Bruno Bujoli est directeur du Ceisam (CNRS/Université de Nantes), un laboratoire de chimie moléculaire qui reçoit le prix Inpi de l’innovation 2013 pour son implication depuis plus de 20 ans dans le développement de technologies innovantes pour des domaines tels que la santé, l’agro-alimentaire ou l’énergie. La société Graftys, 3ème entreprise créée à partir de l’expertise du laboratoire est dédiée à l’ingénierie tissulaire osseuse. Elle résulte notamment de la rencontre entre Bruno Bujoli et Jean-Michel Bouler, deux spécialistes des matériaux dans des disciplines différentes : le premier pour les aspects de formulation chimique, l’autre, de compatibilité avec le vivant. A la base, votre recherche consiste-t-elle à produire des applications pour le médical ?

Bruno Bujoli : Non, j’ai passé les quinze premières années de ma carrière à mener des recherches fondamentales dans le domaine des matériaux hybrides organique-inorganique qui n’ont pas donné d’application particulière et qui n’étaient pas réalisées dans ce but.
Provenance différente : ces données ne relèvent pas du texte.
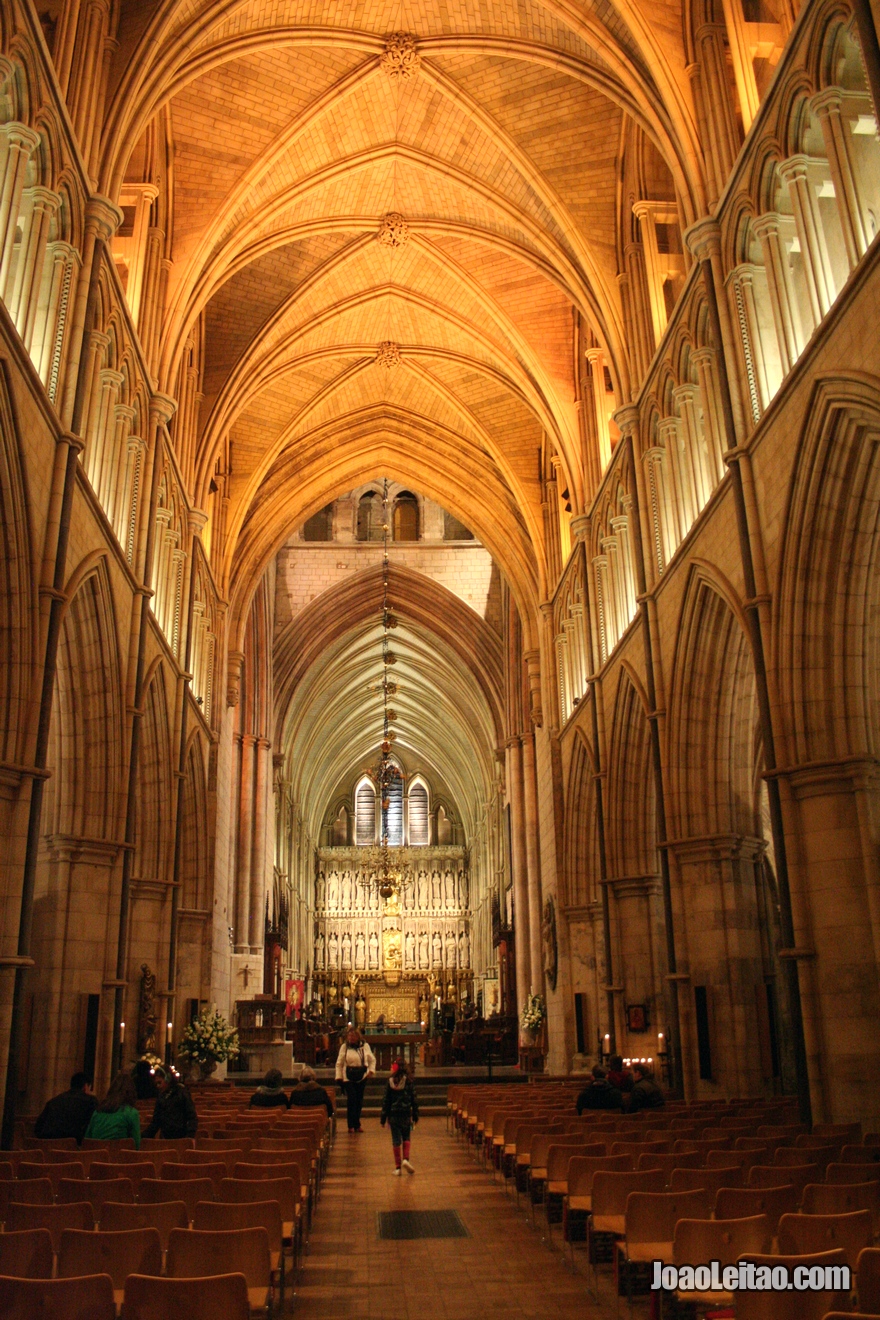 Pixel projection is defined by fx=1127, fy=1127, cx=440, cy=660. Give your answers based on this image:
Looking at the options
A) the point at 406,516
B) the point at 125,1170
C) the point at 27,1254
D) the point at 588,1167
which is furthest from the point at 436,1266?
the point at 406,516

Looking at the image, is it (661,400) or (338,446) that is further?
(338,446)

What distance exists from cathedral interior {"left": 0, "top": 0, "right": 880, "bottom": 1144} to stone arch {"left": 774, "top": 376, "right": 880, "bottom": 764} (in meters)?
0.04

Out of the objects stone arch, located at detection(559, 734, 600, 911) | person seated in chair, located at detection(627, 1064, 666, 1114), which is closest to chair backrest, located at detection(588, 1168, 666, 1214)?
person seated in chair, located at detection(627, 1064, 666, 1114)

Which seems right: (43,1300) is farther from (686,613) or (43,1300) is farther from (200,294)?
(200,294)

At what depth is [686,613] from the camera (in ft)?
50.1

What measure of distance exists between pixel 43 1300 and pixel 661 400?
49.9 ft

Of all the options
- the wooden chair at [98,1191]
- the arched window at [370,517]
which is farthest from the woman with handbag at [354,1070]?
the arched window at [370,517]

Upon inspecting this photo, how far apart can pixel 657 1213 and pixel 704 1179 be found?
69 cm

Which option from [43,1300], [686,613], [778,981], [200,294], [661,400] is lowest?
[43,1300]

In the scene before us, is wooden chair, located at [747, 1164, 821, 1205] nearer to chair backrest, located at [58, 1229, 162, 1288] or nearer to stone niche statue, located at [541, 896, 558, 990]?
chair backrest, located at [58, 1229, 162, 1288]

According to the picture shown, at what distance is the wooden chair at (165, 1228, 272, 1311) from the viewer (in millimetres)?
4535

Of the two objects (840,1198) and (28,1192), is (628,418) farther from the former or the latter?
(28,1192)

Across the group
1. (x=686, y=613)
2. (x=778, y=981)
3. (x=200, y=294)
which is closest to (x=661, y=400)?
(x=686, y=613)

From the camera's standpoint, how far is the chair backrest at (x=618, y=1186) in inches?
241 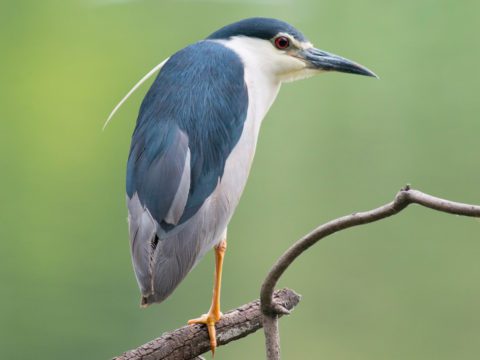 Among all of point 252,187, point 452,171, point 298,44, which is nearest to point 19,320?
point 252,187

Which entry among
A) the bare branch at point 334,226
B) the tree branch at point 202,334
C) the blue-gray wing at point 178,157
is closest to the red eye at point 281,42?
the blue-gray wing at point 178,157

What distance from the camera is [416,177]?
662cm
C’est sur ce socle de connaissances, que nous avons pu envisager ensuite des applications, en prenant des risques et en rencontrant des partenaires biologistes et chirurgiens qui nous ont ouvert de nouveaux horizons !
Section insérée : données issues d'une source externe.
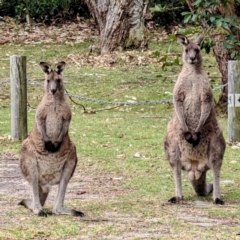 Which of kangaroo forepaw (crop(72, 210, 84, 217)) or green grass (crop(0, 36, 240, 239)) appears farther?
kangaroo forepaw (crop(72, 210, 84, 217))

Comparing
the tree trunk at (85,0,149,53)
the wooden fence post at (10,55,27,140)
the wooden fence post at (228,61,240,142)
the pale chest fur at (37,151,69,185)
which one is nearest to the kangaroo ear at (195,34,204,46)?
the pale chest fur at (37,151,69,185)

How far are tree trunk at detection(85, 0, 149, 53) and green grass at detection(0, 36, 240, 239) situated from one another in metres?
0.84

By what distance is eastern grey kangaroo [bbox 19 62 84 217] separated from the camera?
562 centimetres

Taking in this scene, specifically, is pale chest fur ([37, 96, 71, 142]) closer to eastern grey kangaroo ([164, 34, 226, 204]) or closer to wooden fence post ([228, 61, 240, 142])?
eastern grey kangaroo ([164, 34, 226, 204])

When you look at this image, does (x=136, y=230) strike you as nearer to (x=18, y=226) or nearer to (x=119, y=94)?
(x=18, y=226)

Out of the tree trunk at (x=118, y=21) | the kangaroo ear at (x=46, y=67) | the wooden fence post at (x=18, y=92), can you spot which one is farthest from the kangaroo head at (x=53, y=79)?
the tree trunk at (x=118, y=21)

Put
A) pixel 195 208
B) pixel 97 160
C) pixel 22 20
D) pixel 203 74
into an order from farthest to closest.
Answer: pixel 22 20 → pixel 97 160 → pixel 203 74 → pixel 195 208

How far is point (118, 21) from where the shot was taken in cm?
1516

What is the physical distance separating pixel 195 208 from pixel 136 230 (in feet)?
3.08

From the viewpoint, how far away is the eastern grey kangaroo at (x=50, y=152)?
18.5 feet

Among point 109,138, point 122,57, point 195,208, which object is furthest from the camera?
point 122,57

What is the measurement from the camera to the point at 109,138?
9547 millimetres

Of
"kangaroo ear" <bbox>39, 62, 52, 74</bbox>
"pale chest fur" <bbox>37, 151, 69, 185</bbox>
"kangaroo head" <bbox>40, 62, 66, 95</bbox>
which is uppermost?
"kangaroo ear" <bbox>39, 62, 52, 74</bbox>

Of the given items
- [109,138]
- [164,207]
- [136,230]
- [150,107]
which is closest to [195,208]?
[164,207] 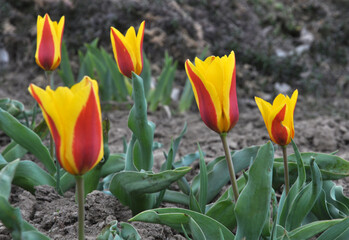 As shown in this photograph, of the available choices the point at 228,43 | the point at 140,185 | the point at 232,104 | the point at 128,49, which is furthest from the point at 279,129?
the point at 228,43

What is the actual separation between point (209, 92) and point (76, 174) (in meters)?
0.42

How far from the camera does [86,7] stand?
4621 mm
Comment s’est passée votre rencontre avec votre collaborateur Jean-Michel Bouler ? Et comment êtes-vous arrivés, ensemble, à l’expertise que vous avez aujourd’hui ?

B.B. : Cette rencontre s’est faite totalement par hasard. A notre première rencontre, comme on ne parlait pas le même langage, étant de disciplines différentes… nous avons même douté de l’intérêt de travailler ensemble. C’est en faisant ensuite chacun l’effort de se mettre à la portée de l’autre que l’embryon de ce qu’allait devenir notre projet est né. Ensuite, à partir de nos réseaux complémentaires, nous avons « aggloméré », sur une dizaine d’années, des équipes de domaines scientifiques différents autour de nos thématiques car elles amenaient des expertises nouvelles et nécessaires à la réalisation de nos projets (chimistes, physico-chimistes, biologistes, physiciens, chirurgiens, industriels…). Ainsi s’est construit autour d’une PME innovante un réseau de laboratoires académiques de très haut niveau avec des équipements de pointe, d’un niveau équivalent à certains grands groupes industriels.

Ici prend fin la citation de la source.